Comment by Mr. X — August 24, 2011 @ 11:57 pm
It’s good to see SUBLIME PSYCHPATH admit how utterly wrong it is for government to select out certain alleged wrongdoers while ignoring others. Thus, it is now clearly established that the Russian government’s prosecution of Mikhail Khodorkovsky for doing, if anything, only EXACTLY what numerous favored oligarchs who currently feast at Putin’s table also do, the only difference being Putin’s favor.
Now, SUBLIME PSYCHOPATH must call for Putin’s ouster.
Meanwhile, perhaps we might pause to consider the fact that S&P was simply and egregiously wrong, twice, and that the it’s better not to wait for the third strike. Correct me if I’m wrong, but Moody’s has not said that the world’s most powerful and reliable economy might not pay its debts, has it?
Comment by La Russophobe — August 25, 2011 @ 5:08 am
It’s good to see SUBLIME PSYCHPATH admit how utterly wrong it is for government to select out certain alleged wrongdoers while ignoring others.
It’s good to see La Retard as reading comprehension-challenged as always. For a start, where did Sublime Psychopath say the S&P investigation is “utterly wrong”?
Of course it isn’t. I can’t care less for S&P and neither do most people.
The real question is whether it is USEFUL and doing so benefits the country. In Russia’s case, prosecuting MBK was clearly useful as it sent an unambiguous message to the oligarchs that their self-interested interference in state affairs would not be tolerated. It fulfilled its aim.
If the investigation of S&P is indeed political, then its primary aim would be to discredit S&P (and by implication, its downgrade of US gov’t debt). But the investigation will likely not achieve this first aim, because it is so clearly politicized. Just like Italy raiding the agencies’ offices won’t make its bonds cheaper. To the contrary, if anything. And as this investigation will be useless or even counter-productive, it is clearly not the same as MBK’s prosecution, which was useful for the Russian state.
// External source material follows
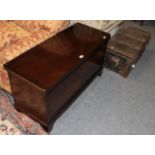 A modern mahogany blanket box and a floral upholstered blanket box (2)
Meanwhile, perhaps we might pause to consider the fact that S&P was simply and egregiously wrong, twice, and that the it’s better not to wait for the third strike.
So you mean to say that if you get things wrong, you’re not allowed to open your mouth again? Thanks for confirming, for the umpteenth time, your authoritarian mentality.
Comment by Sublime Oblivion — August 25, 2011 @ 5:02 pm
Phobie’s gonna be the first one the Jamestown Foundation kicks to the curb when the banksters cut their funding.